SIDNEY CROSBY showed the heart of a lion Wednesday night. With his team facing elimination and an entire arena spewing venom every time he made a move, Crosby led an emphatic charge that let the Flyers know the Penguins were not ready to be swept out of the playoffs.
"We always had the confidence. It was just a matter of going out there and playing a full game," Crosby said. "I think the rivalry brings out the best in a lot of guys from both sides. When you are challenged, you want to make sure you play well and respond the right way."
Crosby had a goal and two assists as the Penguins erased an early two-goal deficit and flattened the Flyers, 10-3. The Flyers still hold a commanding 3-1 lead, but the series heads back to Pittsburgh where the Penguins led the Eastern Conference with 29 regular-season home wins. For Crosby and the Pens, there's no place like the Consol Energy Center.
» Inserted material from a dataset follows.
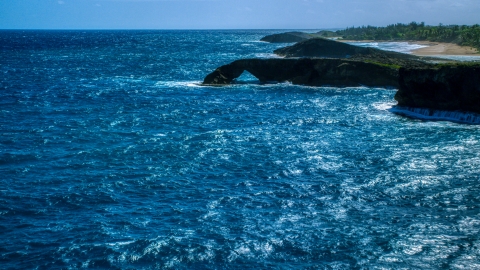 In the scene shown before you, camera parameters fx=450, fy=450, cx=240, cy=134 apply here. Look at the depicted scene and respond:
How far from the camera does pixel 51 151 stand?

The Penguins chased Ilya Bryzgalov with five goals. They peppered Sergei Bobrovsky for five more. If there was such a thing as a third-string goalie, Flyers coach Peter Laviolette would have put him in. Auntie Em! Auntie Em!
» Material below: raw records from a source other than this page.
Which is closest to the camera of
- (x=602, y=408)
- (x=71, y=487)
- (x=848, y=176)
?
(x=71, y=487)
"There's nothing you can do. We lost," Bryzgalov said. "It's a 3-1 in the series right now. We need to win the one game and everything will be over."
Jordan Staal had a hat trick and Evgeni Malkin chipped in two goals and an assist and was a plus-4.
The Penguins tied the record for most goals scored by a Flyers opponent in a postseason game. The only other team to crack double figures against the Flyers in the playoffs? Also the Penguins, with five goals from Mario Lemieux in a 10-7 win in 1989.
"We just played a full game," Crosby said. "It doesn't always mean you're going to score 10 goals. We expect the next one to be tougher for sure."
The Penguins looked very much like the Stanley Cup favorites they were installed as prior to the start of the playoffs.
Another troubling sign was that Marc-Andre Fleury, after a shaky first period, had his strongest game of the series. The Penguins goalie came into the contest dragging a 6.34 goals-against average. He is now 4-1 in road games when the Penguins are facing elimination.
"The power play got us back in the game," Fleury said. "We took the lead, then got a few [more goals] and people started leaving. That was kind of nice."
Pittsburgh was playing shorthanded because of suspensions to Arron Asham, Craig Adams and 40-goal scorer James Neal.
One of the beneficiaries of the suspensions was Pittsburgh prospect Eric Tangradi, who saw his first action of the series. Tangradi grew up in Roxborough and attended Archbishop Carroll for 2 years. Tangradi had an assist on Staal's first goal and was a plus-2.
"The stage couldn't be any bigger," said Tangradi, whose last playoff game here was as a fan during the 2010 run. "Being from Philadelphia I've seen a few playoff games in my time living here. I've had a lot of great memories. To be able to play in one, it was a great thrill and a great honor."
A Pittsburgh team that looked shabby and in disarray through the first three games of this series, rolled through the Wells Fargo Center like a tornado through Kansas. Any fans who brought brooms to the arena rode them home like the Wicked Witch of the East.
If they have to chant "Crosby Sucks" for Game 6 on Sunday, it will be filled with a lot more nervousness than venom. The Flyers still are in control, but the Penguins heart is still beating.
"We needed a lot of guys to step up to win this first one and try to keep things rolling," Staal said. "A lot of guys in the room know how to play playoff hockey and I thought we had a great effort."